Here, the condition is usually a logical statement, the true_code_1 and true_code_2 represent the codes to run when condition == TRUE, and the false_code_1, false_code_2, false_code_3 represent the codes to run when condition == FALSE. Note that the else keyword is optional.

Let’s first see an example where we check whether x is an even number of an odd number, and print out the corresponding messages.

x <- 3
if(x %% 2 == 0) {
cat("x is an even number")
} else {
cat("x is an odd number")
}
#> x is an odd number

We can also use the ifelse() function to choose a value depending on whether the condition is TRUE or FALSE.

x_type <- ifelse(x%%2, "even", "odd")
x_type
#>  "even"

In addition to a single if and else pair, we can have more than two options. Let’s see the following example.

x <- 9
if(x %% 3 == 1) {
cat("the remainder of x divided by 3 is 1.")
} else if(x %% 3 == 2) {
cat("the remainder of x divided by 3 is 2.")
} else {
cat("x is divisible by 3.")
}
#> x is divisible by 3.

Next, let’s introduce the switch() function which can switch to a particular value depending on the value of the expression, which is the first argument.

If the first argument is an integer, the function will return the value corresponding to the location of the options.

switch(2, "sheep", "pig", "monkey")
#>  "pig"
switch(4, "sheep", "pig", "monkey")

The first statement returns the second option with value "pig", and the second statement returns nothing as there is no 4th option.

If the first argument is a character, it will be matched to the names of the elements in the options, and return the corresponding value.

switch("pig", sheep = 2, pig = 3, monkey = 4)
switch("pi", sheep = 2, pig = 3, monkey = 4)
switch("monkey", sheep = 2, pig = 3, monkey = "mona")

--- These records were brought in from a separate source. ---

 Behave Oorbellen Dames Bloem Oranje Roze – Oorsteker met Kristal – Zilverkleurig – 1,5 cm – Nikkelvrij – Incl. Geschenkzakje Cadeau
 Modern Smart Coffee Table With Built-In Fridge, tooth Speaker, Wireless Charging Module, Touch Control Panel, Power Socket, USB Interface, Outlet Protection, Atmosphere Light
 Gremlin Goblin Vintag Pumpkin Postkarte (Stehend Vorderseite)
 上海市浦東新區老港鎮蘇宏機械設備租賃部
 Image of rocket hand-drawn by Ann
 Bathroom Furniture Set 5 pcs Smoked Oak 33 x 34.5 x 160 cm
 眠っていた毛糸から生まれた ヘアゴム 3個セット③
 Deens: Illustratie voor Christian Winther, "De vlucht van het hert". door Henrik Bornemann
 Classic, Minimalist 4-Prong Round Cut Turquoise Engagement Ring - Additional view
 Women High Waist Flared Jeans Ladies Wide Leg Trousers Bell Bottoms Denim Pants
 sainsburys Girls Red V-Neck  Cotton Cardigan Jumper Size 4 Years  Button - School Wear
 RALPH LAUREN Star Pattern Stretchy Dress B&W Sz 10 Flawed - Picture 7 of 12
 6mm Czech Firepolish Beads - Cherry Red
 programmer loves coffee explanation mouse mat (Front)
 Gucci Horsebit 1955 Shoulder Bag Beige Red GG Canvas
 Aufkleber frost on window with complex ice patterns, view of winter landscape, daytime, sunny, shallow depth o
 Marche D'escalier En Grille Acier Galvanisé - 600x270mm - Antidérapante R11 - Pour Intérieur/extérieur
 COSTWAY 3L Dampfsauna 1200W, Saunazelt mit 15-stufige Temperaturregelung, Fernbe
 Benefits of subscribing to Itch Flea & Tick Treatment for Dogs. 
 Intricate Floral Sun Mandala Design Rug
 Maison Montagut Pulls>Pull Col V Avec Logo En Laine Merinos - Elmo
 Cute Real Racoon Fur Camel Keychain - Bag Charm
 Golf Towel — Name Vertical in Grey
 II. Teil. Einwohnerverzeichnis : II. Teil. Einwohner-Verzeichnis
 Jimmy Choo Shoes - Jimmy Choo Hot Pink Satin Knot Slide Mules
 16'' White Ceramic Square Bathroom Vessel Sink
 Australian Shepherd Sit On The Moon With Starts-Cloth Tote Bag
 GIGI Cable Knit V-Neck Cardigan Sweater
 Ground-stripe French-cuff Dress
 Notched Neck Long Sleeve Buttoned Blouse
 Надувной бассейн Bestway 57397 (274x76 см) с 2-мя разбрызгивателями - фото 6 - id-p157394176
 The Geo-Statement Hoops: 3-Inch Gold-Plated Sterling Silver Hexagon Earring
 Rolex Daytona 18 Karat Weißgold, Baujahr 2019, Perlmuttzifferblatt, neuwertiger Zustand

### 10.1.2 Logical Operators in if Statement

Recall we have learned logical operators on logical vectors in Section 2.7. The most commonly used logical operators are the AND operation with & and OR operation with |. Both operators conducts element-wise operations. In the if statement, we usually use another set of AND and OR operations, namely && and ||. Let’s use some examples to understand how they work.

logi_1 <- c(T, F, T, F)
logi_2 <- c(F, T, T, F)
logi_1 & logi_2
#>  FALSE FALSE  TRUE FALSE
logi_1 && logi_2
#>  FALSE
logi_1 | logi_2
#>   TRUE  TRUE  TRUE FALSE
logi_1 || logi_2
#>  TRUE

Compare to the & and |, the && and || examine only the first element of the input logical vectors and the results are also a single logical value.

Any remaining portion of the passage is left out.